Uma companhia constituída para explorar um mercado ainda tido como estratégico no cenário mundial, e que já começa a ser discutido no setor empresarial, onde muitos vêem sua importância esvaziada nos próximos 30 a 50 anos.

Descapitalizada, com valor de mercado e imagem pública profundamente abalada pela atividade de quadrilhas de diretores e executivos da própria companhia, que elevaram a corrupção a níveis inéditos na história empresarial em todos os tempos.

DESVENDANDO A PETROBRÁS
Os últimos dados sacados das demonstrações financeiras da Petrobrás indicam o seguinte, em grandes números:

Ativo (imobilizado, investimentos, intangíveis)

 

R$ 645 bilhões

Ativo total

R$ 859 bilhões

Patrimônio líquido

R$ 266,4 bilhões

Total de ações ordinárias

7,4 bilhões de ações

Ações pertencentes à União

3,74 bilhões de ações

Outros investidores públicos federais

0,9 bilhão de ações

Total de ações privatizáveis

4,7 bilhões de ações

Valor patrimonial da ação

R$ 20,42

Valor de mercado da ação ordinária em julho de 2016 (% sobre o valor patrimonial)

 

R$ 13,27 (64,98%)

Acionistas privados, que adquiriram suas ações em pregões da BM&FBovespa, Bolsa de Valores de Nova York e Bolsa de Valores de Madrid, eram pouco mais de 290 mil pessoas em abril de 2016, com participação maciça de acionistas individuais.

As ações privatizáveis da Petrobrás, ao preço atual de mercado, implicam num valor de mercado total ao redor dos R$ 63 bilhões, e num valor patrimonial em torno de R$ 96 bilhões.

Privatizar a Petrobrás significa transferir a propriedade de 4,7 bilhões de ações ordinárias (63,5% do total dessas ações) para outros investidores.
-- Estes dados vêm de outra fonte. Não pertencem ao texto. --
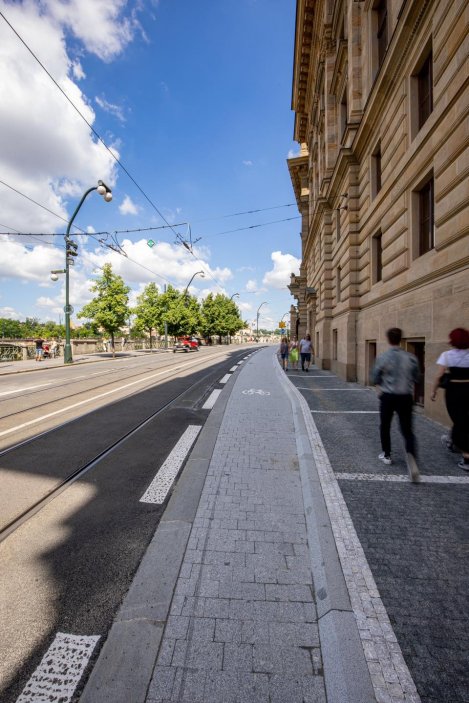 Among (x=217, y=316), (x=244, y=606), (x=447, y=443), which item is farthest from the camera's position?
(x=217, y=316)

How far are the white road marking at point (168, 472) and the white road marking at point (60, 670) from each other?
168 cm

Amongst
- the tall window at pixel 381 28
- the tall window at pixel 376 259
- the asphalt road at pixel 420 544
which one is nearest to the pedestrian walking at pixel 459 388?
the asphalt road at pixel 420 544

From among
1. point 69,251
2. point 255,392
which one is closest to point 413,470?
point 255,392

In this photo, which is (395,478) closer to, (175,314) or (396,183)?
(396,183)

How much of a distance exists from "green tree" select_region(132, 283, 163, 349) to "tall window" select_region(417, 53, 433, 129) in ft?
149

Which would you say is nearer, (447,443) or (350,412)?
(447,443)

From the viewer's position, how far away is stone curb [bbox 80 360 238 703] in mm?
1750

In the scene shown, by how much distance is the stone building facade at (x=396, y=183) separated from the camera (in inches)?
251

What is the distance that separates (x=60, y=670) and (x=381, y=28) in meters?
16.5

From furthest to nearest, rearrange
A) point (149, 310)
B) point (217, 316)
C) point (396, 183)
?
point (217, 316)
point (149, 310)
point (396, 183)

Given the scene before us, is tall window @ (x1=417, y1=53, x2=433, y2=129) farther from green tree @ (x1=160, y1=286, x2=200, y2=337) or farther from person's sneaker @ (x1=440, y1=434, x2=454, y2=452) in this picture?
green tree @ (x1=160, y1=286, x2=200, y2=337)

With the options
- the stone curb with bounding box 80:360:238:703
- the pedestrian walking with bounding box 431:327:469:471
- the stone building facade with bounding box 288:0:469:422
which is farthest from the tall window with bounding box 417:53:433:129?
the stone curb with bounding box 80:360:238:703

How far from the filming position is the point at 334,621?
6.87 ft

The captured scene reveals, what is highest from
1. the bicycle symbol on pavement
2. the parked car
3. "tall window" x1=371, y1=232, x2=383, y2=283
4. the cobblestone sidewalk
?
"tall window" x1=371, y1=232, x2=383, y2=283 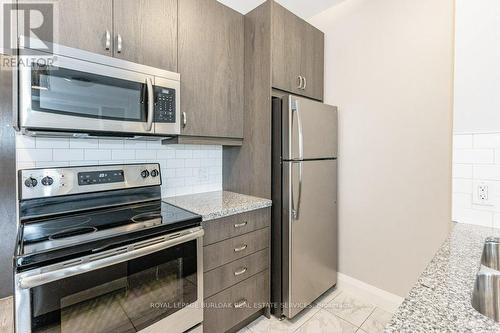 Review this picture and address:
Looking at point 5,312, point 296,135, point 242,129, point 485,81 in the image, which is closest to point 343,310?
point 296,135

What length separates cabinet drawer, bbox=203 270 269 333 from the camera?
1.54m

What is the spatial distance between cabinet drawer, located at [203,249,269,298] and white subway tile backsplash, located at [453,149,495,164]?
4.42 ft

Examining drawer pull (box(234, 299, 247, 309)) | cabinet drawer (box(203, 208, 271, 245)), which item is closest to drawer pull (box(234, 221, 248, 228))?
cabinet drawer (box(203, 208, 271, 245))

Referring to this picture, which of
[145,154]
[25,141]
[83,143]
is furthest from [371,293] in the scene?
[25,141]

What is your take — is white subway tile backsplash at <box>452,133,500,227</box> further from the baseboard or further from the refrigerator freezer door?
the baseboard

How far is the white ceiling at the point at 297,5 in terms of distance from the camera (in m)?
2.14

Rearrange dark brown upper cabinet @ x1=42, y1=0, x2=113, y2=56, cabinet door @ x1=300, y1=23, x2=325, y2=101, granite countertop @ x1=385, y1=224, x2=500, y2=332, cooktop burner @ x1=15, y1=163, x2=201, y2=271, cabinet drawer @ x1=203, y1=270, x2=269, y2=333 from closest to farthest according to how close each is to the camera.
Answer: granite countertop @ x1=385, y1=224, x2=500, y2=332 → cooktop burner @ x1=15, y1=163, x2=201, y2=271 → dark brown upper cabinet @ x1=42, y1=0, x2=113, y2=56 → cabinet drawer @ x1=203, y1=270, x2=269, y2=333 → cabinet door @ x1=300, y1=23, x2=325, y2=101

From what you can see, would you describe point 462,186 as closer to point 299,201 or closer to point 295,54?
point 299,201

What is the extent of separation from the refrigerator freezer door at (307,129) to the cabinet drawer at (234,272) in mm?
763

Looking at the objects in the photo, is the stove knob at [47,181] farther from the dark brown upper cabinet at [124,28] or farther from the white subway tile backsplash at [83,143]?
the dark brown upper cabinet at [124,28]

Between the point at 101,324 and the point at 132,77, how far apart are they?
1.25 meters

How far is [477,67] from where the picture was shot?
133 cm

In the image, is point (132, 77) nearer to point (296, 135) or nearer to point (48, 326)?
point (296, 135)

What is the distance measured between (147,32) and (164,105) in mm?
444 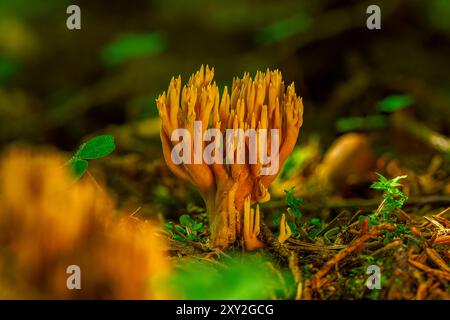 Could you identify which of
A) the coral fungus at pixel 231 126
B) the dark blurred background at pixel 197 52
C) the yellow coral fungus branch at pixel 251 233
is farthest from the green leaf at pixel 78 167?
the dark blurred background at pixel 197 52

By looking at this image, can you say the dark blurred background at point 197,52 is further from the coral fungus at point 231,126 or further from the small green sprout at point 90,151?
the coral fungus at point 231,126

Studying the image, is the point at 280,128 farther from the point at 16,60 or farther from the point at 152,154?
the point at 16,60

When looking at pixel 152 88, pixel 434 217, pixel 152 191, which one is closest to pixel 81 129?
pixel 152 88

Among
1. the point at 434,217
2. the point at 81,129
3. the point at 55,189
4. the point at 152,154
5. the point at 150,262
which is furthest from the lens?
the point at 81,129

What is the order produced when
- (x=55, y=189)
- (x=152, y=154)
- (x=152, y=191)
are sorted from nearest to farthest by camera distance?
(x=55, y=189)
(x=152, y=191)
(x=152, y=154)

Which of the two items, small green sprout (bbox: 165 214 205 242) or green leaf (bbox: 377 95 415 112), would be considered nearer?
small green sprout (bbox: 165 214 205 242)

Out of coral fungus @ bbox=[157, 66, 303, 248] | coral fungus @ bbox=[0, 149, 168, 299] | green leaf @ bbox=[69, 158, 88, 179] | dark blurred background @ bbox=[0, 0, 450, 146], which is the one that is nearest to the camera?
coral fungus @ bbox=[0, 149, 168, 299]

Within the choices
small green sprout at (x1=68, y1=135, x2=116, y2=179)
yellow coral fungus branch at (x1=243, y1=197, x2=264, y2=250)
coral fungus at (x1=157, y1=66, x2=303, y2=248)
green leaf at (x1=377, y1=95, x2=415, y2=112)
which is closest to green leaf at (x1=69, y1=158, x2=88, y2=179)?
small green sprout at (x1=68, y1=135, x2=116, y2=179)

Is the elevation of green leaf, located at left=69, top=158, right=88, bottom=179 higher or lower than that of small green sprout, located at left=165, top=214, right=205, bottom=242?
higher

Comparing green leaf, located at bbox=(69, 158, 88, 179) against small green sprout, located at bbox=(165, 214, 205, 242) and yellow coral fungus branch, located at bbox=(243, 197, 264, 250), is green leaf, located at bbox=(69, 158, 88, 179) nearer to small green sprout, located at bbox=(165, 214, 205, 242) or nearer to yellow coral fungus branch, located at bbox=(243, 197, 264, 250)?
small green sprout, located at bbox=(165, 214, 205, 242) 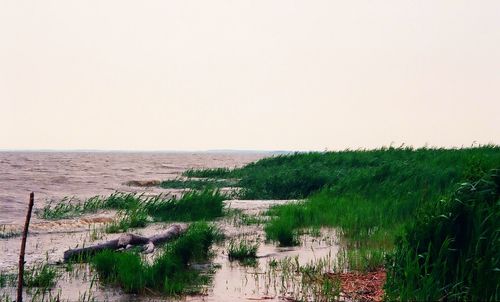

A que preço? O valor patrimonial das ações supera em muito seu valor de mercado atual. E este valor patrimonial, no caso da Petrobrás, é ele mesmo uma fração do valor dos seus ativos, como se pode ver no balanço patrimonial. É difícil reunir, no Brasil atual, capital financeiro suficiente para adquirir o controle acionário em caso de privatização. Este poderia vir com mais facilidade do Exterior.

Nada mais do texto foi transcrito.